National politics being what it is, we must be even smarter and more dedicated to policy at the local level. Policies matter. The buck really does stop here.
It is astonishing that we must remind ourselves that we have responsibilities to people we work with, to our neighbors and to perfect strangers we pass in Aisle 7 at the food store. Servers at restaurants should be required to wash their hands; drivers should be required to fasten their seatbelts; school-age children should be vaccinated for things like measles and mumps. It’s for the common good.
There is another threat out there waiting to take its toll, one that — unlike the failed American response to COVID-19 — requires the united attention of politicians in office and all those who aspire to serve in local government.
That threat is climate change. As has been said, we are the first generation to experience it and perhaps the last generation with enough time to effectively deal with it, although that window is closing rapidly.
Again, we must ask ourselves the questions we should have asked during the pandemic: What are our responsibilities? What are our obligations to each other — and to the next generation, and the one after that?
The day of reckoning on climate change is upon us — and it will directly impact scores of waterfront homeowners on the North Fork and across Long Island.

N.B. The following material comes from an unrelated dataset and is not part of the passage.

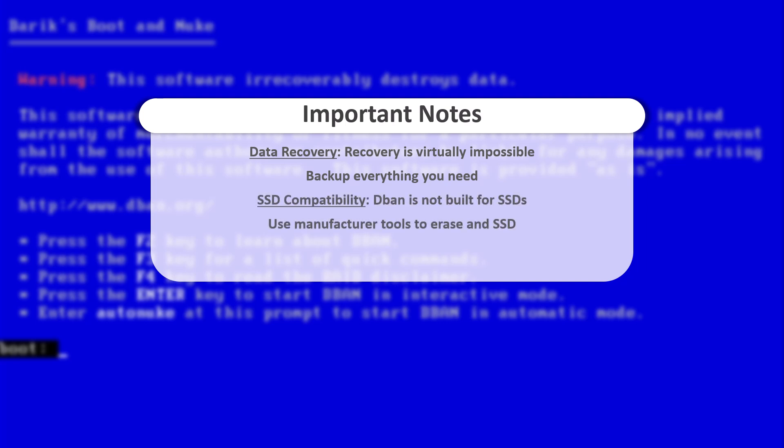SSD Compatibility. As mentioned earlier, DBAN is not built for SSDs. SSDs use something called wear leveling, which spreads data evenly across the disk to prevent certain parts from wearing out. This makes it impossible to guarantee that DBAN's overwrite methods actually touch every piece of stored data.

Here’s proof of that: For the first time, the federal government is factoring climate change into calculating the cost of the flood insurance that so many waterfront and nearly waterfront homes are required to have. For many of us, there will now be a steeper price tag for living where we live.
As The Washington Post reported, “Next April, most current policyholders will see their premiums go up and continue to rise by 18 percent per year for the next 20 years … Wealthy customers with high-value homes will see their costs skyrocket by as much as $14,400 for one year.”

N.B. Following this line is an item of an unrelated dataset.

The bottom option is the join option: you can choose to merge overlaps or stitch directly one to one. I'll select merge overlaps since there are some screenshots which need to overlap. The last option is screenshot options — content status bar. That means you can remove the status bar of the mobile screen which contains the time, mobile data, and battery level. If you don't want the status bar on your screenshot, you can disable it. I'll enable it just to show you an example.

In addition, flood insurance will now be necessary for millions of homes that did not previously require it. Climate change has brought this about.
Those elected next month will have to confront the inevitable impacts of climate change. So when you vote, choose local officials who put science first and park politics where it belongs. Remember those who defend the “right” to be unvaccinated while still out among us, and even working in health care, and those who decry mask mandates as unfair limits on personal freedom. Nearly all the COVID deaths in recent weeks have occurred among the unvaccinated.

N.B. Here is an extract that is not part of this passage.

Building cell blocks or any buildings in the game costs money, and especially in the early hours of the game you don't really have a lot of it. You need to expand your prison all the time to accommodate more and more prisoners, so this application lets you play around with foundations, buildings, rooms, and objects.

Unless blocked by congressional action, the first indication of the cost of climate change could arrive in the mail next spring with far higher flood insurance rates. And that’s the first step. Beyond that, of course, are bigger questions.
Can we go on replenishing the same beach every time storms wash the sand away? Do we pull back from the waterfront or harden it? If your house washes away in a nor’easter, should you be allowed to rebuild in the same spot?
This November, put party affiliation aside and pick the best local candidates, those who have the well-being of this unique part of America, this remarkable North Fork, uppermost in their minds.
We failed nationally at COVID-19, and the death toll proves that. We can’t fail at this.